Addressing Africa’s Foundational Learning Crisis
Africa is home to the world’s fastest-growing youth population, yet nine out of ten children in sub-Saharan Africa cannot read or do basic mathematics by age ten.
This learning crisis limits opportunity, deepens inequality, and threatens the continent’s economic potential, with the World Bank estimating a global loss of US$ 21 trillion in lifetime earnings in present value.
The HCA–Hempel Foundation partnership seeks to tackle this challenge by embedding foundational learning at the heart of education systems, fostering stronger political leadership, institutional accountability, and evidence-based decision-making through the use of data in advocacy, policy, and planning.
A Partnership Anchored in Systemic Change
The partnership will drive system-wide transformation across Africa by strengthening political leadership, deepening accountability, and reinforcing the institutions that sustain lasting reform.
At the policy level, it will build and sustain high-level political momentum by engaging Heads of State, Ministers of Education and Finance, and other senior leaders to position foundational learning as a top development priority.
Through this engagement, the partnership will elevate foundational learning on both national and continental agendas, ensuring it remains central to broader human capital and national development strategies.

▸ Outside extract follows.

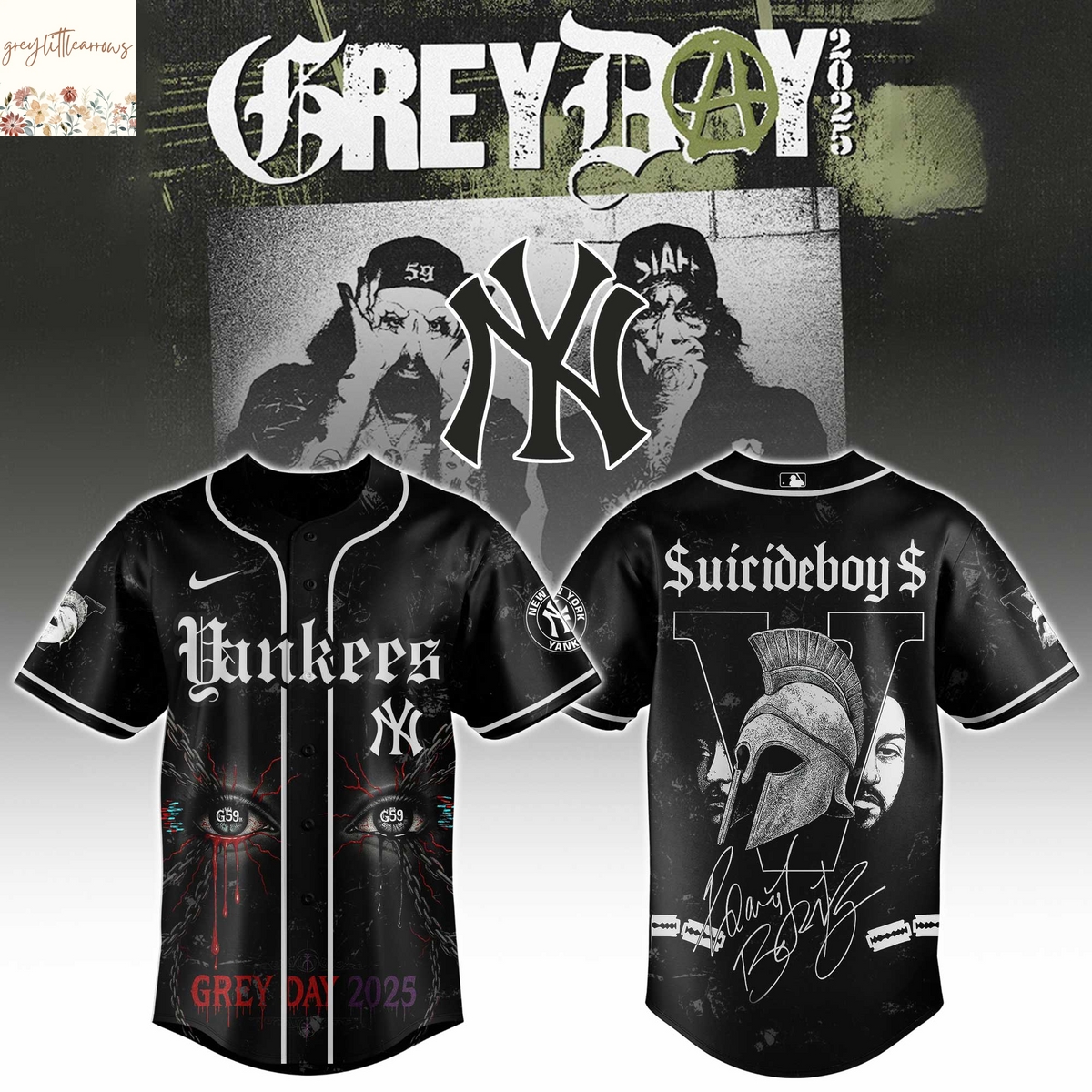 New York Yabkees x Suicideboys Grey Day 2025 Baseball Jersey New York Yabkees x Suicideboys Grey Day 2025 Baseball Jersey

A core pillar of this effort will be the strengthening of the African Foundational Learning Ministerial Coalition—a minister-led platform for peer learning, collaboration, and mutual accountability.

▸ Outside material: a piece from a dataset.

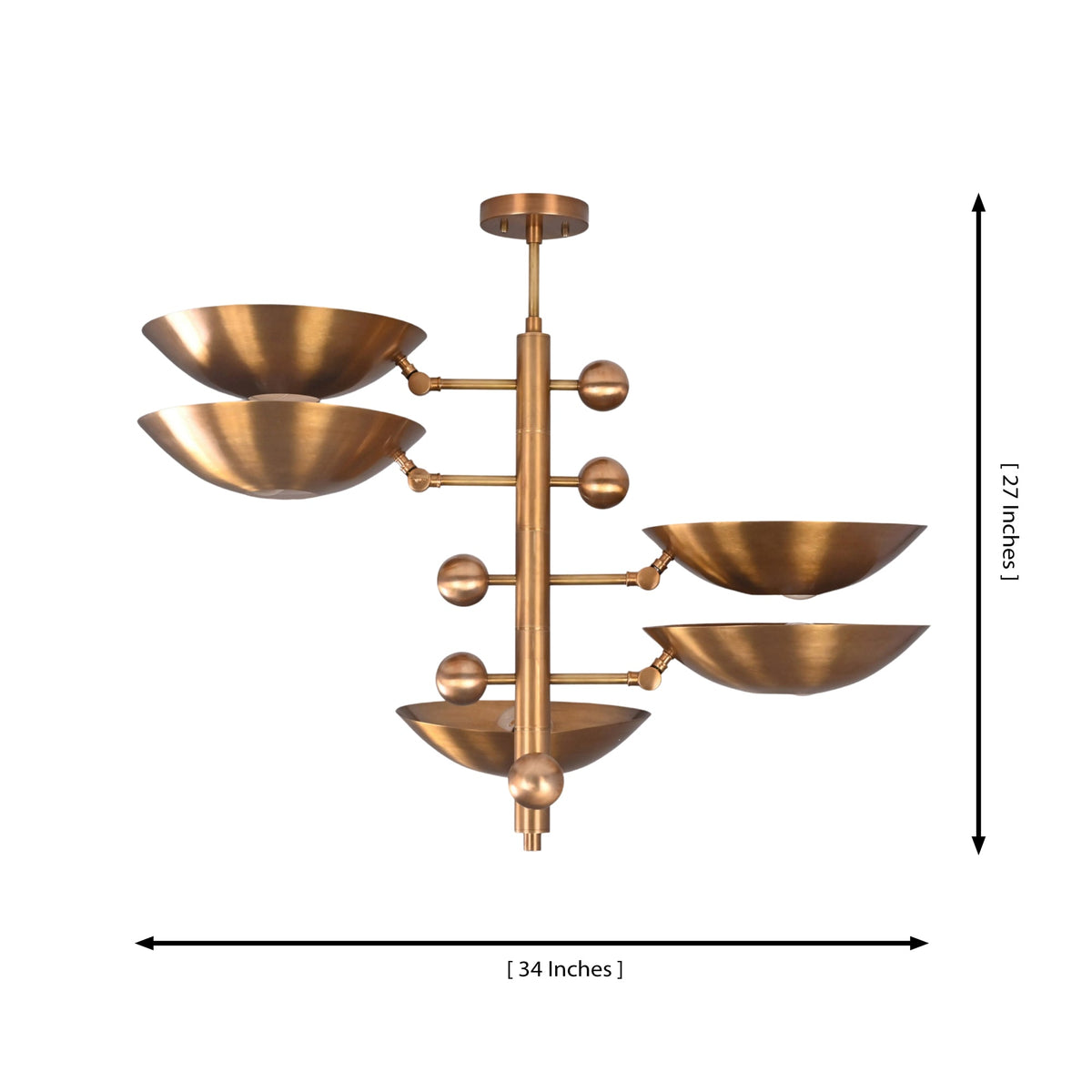 Size guide for Como Orbital Chandelier - 5 Lights - 34 Inch - Model 32361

By reinforcing this coalition, the partnership will help Ministers champion foundational learning within their own countries, foster cross-country exchange, and sustain a shared sense of purpose and progress.

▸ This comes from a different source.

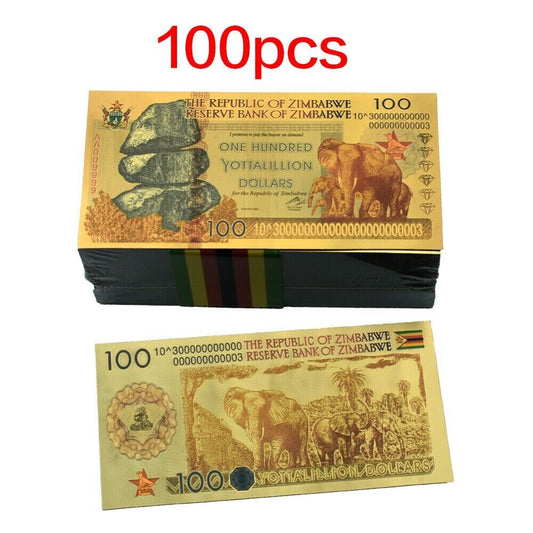 Zimbabwe 100 Yottalillion Dollars 100 Pcs Lot Gold Foil Banknote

This work will also lay the foundation for a continental accountability mechanism to track progress and guide reform, ensuring that political commitments translate into measurable outcomes for children across the region.
Complementing this advocacy focus, the partnership will support governments, in Malawi and Uganda, to embed data use and accountability at the system and district levels. By applying tools such as the Adoption Tracker and FLAT, it will strengthen monitoring, promote evidence-based decision-making, and ensure that lessons from the classroom inform policy at every level.
Together, these efforts will drive regional alignment, reinforce political will, and translate commitment into tangible improvements in learning for every child.
Dr. Obiageli “Oby” Ezekwesili, Founder and Chair of Human Capital Africa, said, ”we already know what works to get children learning — what Africa needs now is the political will, the discipline, and the partnerships to take those solutions to scale.
Foundational learning is achievable when governments lead decisively, when accountability is clear, and when the private sector and philanthropy step up alongside them.
This partnership between the Hempel Foundation and Human Capital Africa is one more example of what collaboration can do when it is anchored in evidence, transparency, and a shared belief that every African child deserves the chance to learn.”
Anders Holm, CEO of the Hempel Foundation, added ”accelerating progress in children’s learning requires strong political leadership, accountability, and the smart use of data and evidence.
Through our partnership with Human Capital Africa, we aim to strengthen all three — helping governments place foundational learning at the heart of national policies, track progress more effectively, and translate data into tangible improvements in classrooms.”